[Opening Data under study section]

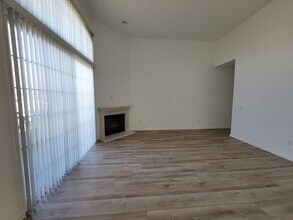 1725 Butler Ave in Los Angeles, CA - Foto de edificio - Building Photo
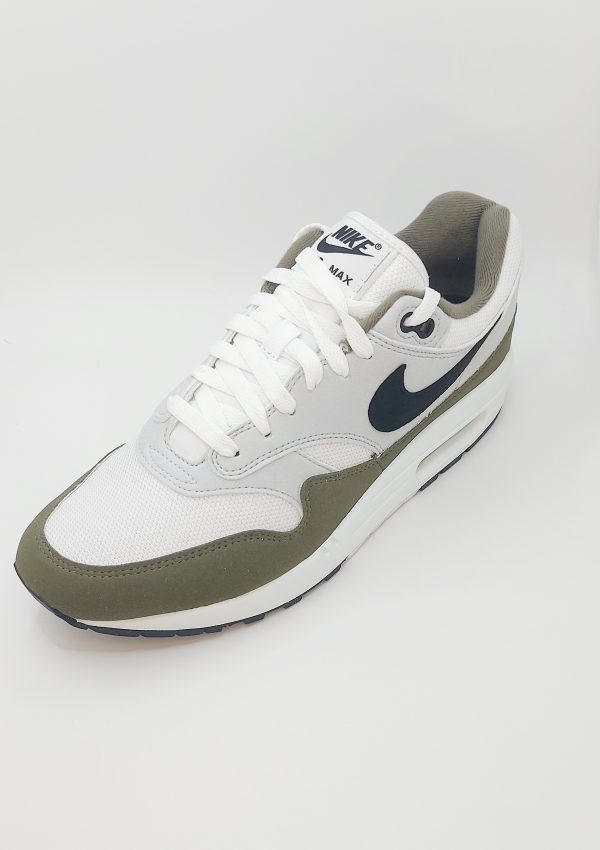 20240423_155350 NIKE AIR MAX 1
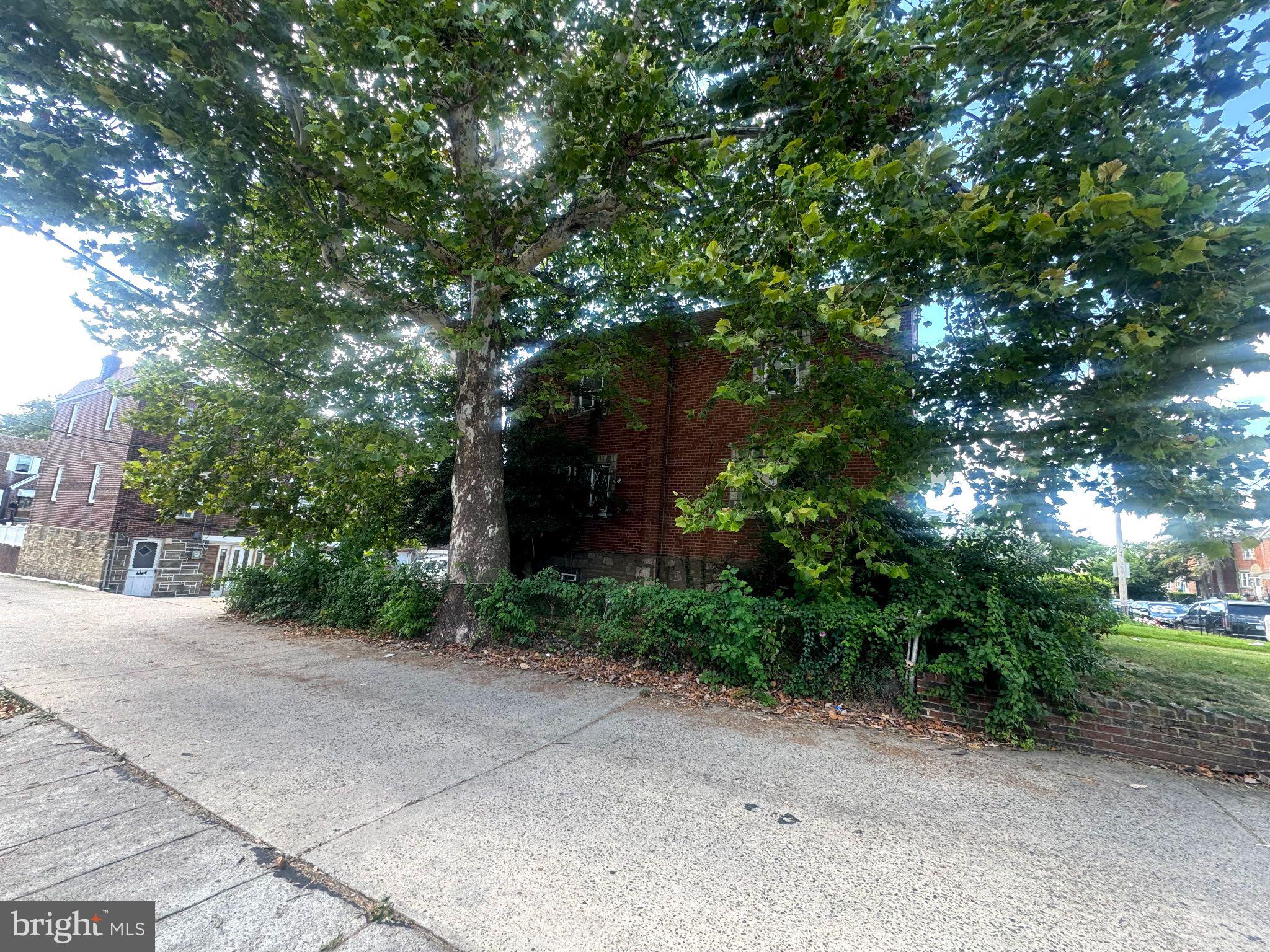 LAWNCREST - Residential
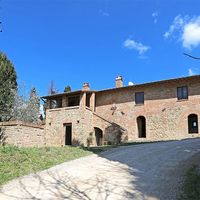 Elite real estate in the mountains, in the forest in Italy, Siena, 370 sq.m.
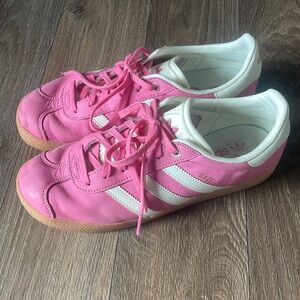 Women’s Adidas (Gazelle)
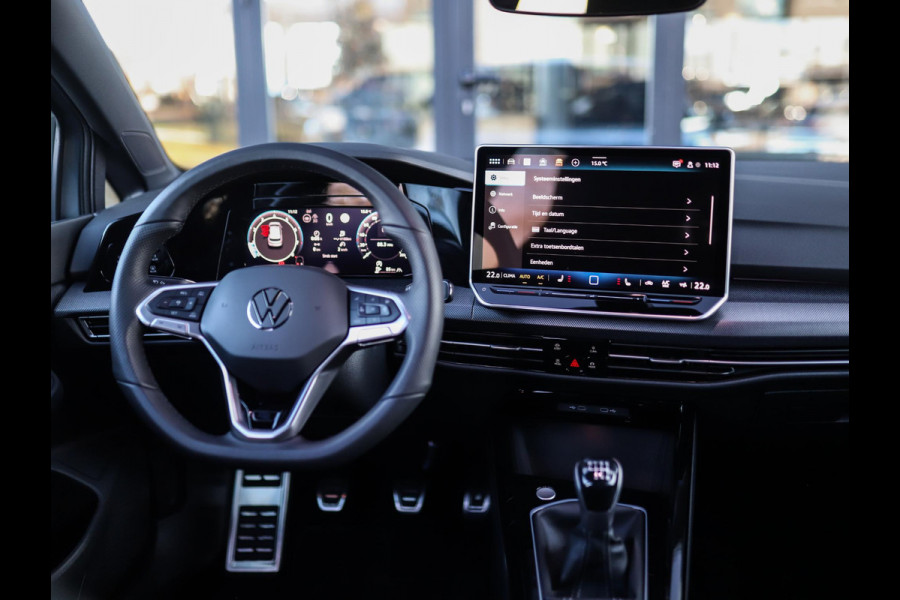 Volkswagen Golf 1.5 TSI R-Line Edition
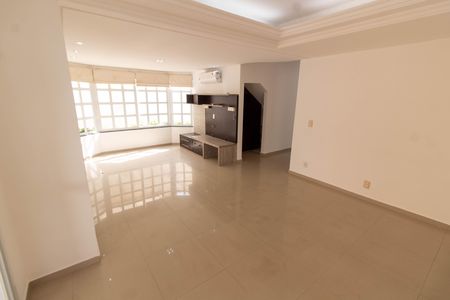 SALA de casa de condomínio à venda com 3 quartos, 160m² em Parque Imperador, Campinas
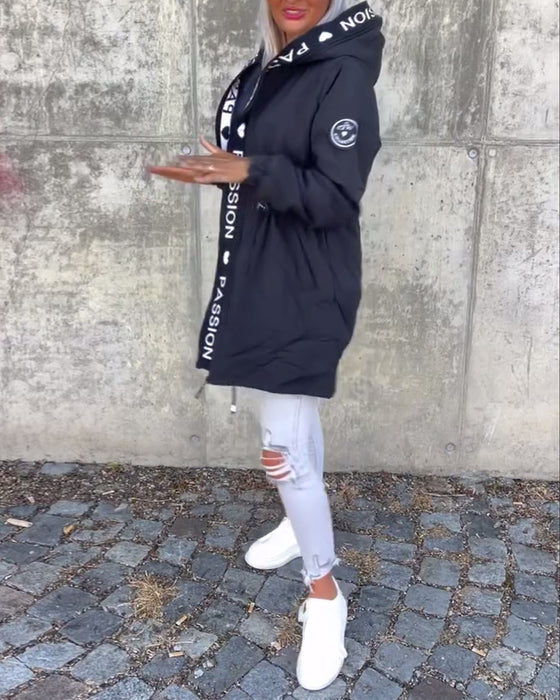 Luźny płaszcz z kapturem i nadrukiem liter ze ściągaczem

[Closing Data under study section]

Problem:
Leave every picture out, and repeat exactly the lines from the one containing "SALA de casa" through the last line of the entries, both ends included.

Response to this exercise:
 SALA de casa de condomínio à venda com 3 quartos, 160m² em Parque Imperador, Campinas
 Luźny płaszcz z kapturem i nadrukiem liter ze ściągaczem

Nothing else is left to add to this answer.